Tony Blair: Ground war needed to defeat IS militants
Tony Blair has called for a "proper ground war" against so-called Islamic State in Iraq and Syria.
The former British prime minister said it was not possible to defeat the group through air strikes alone.
He also admitted that the West had "underestimated" the problems in Iraq after the toppling of Saddam Hussein.
He refused to answer questions on the Chilcot report into the Iraq war - to be published next month - at the Centre on Religion and Geopolitics event.
But BBC Political Correspondent Iain Watson said he gave a strong steer on his likely response to any criticisms he is likely for face from Chilcot.
Mr Blair said: "We underestimated profoundly the forces that were at work in the region and that would take advantage of the change once you topple the regime.
"That's the lesson. The lesson is not actually complicated, the lesson is simple - it's that.
"It's that when you remove a dictator, out come these forces of destabilisation - whether al-Qeada on the Sunni side or Iran and its militia on the other side."
Analysis by Iain Watson, BBC political correspondent
Tony Blair didn't utter the C word - he won't comment on the Chilcot inquiry into the Iraq war until the report is published on 6 July.
But at an event in central London organised by the Centre on Religion and Geopolitics - a think tank which he helped to set up - he made it clear he would be unapologetic for his role in taking Britain to war in 2003.

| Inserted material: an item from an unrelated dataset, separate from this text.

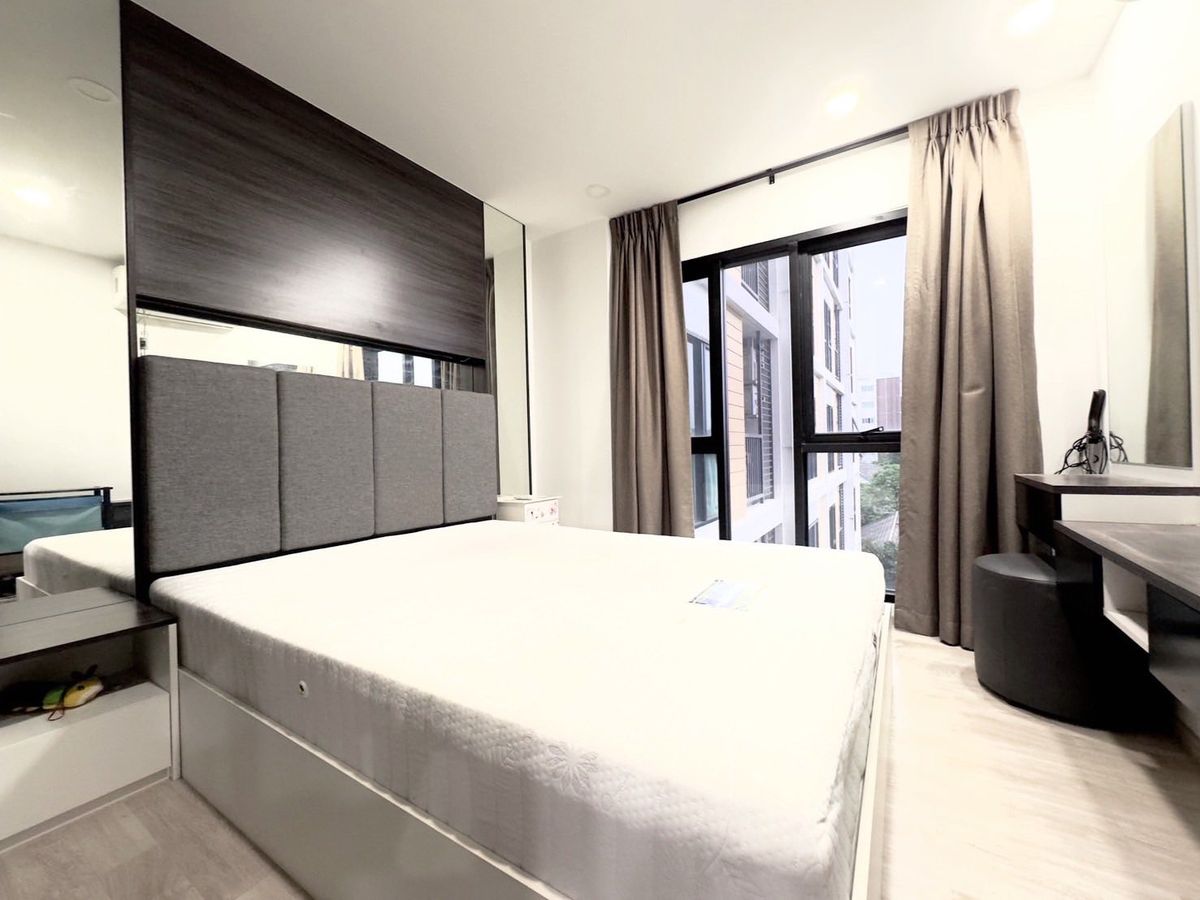 ขายคอนโดรัชดา ห้วยขวาง : ขายคอนโด D MARK condo สุทธิสาร ห้องใหม่บิ้วอินสวย พร้อมเฟอร์ อยู่ได้เลย (S4927)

Turning to the threat posed by IS - also known as Isis and Daesh - he said it had to be tackled before it could make further inroads in Libya.
He said "proper ground war" was needed to defeat the group, which could include British troops in a support role.
"There is no way of defeating these people without defeating them on the ground. Air strikes are not going to defeat Isis, they have got to be tackled on the ground," he said at the event in Westminster.
That did not necessarily mean British troops doing the fighting, argued Mr Blair, who suggested "our forces could be in support".
Iraq war legacy
But to defeat IS militants "you are going to have to go and wage a proper ground war against them", he added.
He told the event the choice was not between a full-scale ground invasion force, which could govern the land after the fighting, and not making any intervention at all, arguing that smaller-scale deployments by the US were already making a difference.
"You have got to defeat these people on the ground. The armed forces of America, the UK, France, other major countries have both experience and capability so even if we are using them in support of local forces, you have just got to decide what our objective is.
"Is our objective to defeat this enemy? My answer to that is yes."
Asked whether the legacy of the Iraq war meant it was more difficult for a UK leader to deploy troops overseas, Mr Blair said: "You can describe it as a legacy or describe it as a fact that arises from the nature of the conflict."
He added: "We are not being honest with out public if we are saying it is possible to defeat these people without making the commitment to defeat them and to do what it takes to defeat them.
"In my view, defeating them is absolutely fundamental because if we don't defeat them they are going to come and attack us here. This is not someone else's fight, it is our fight as well."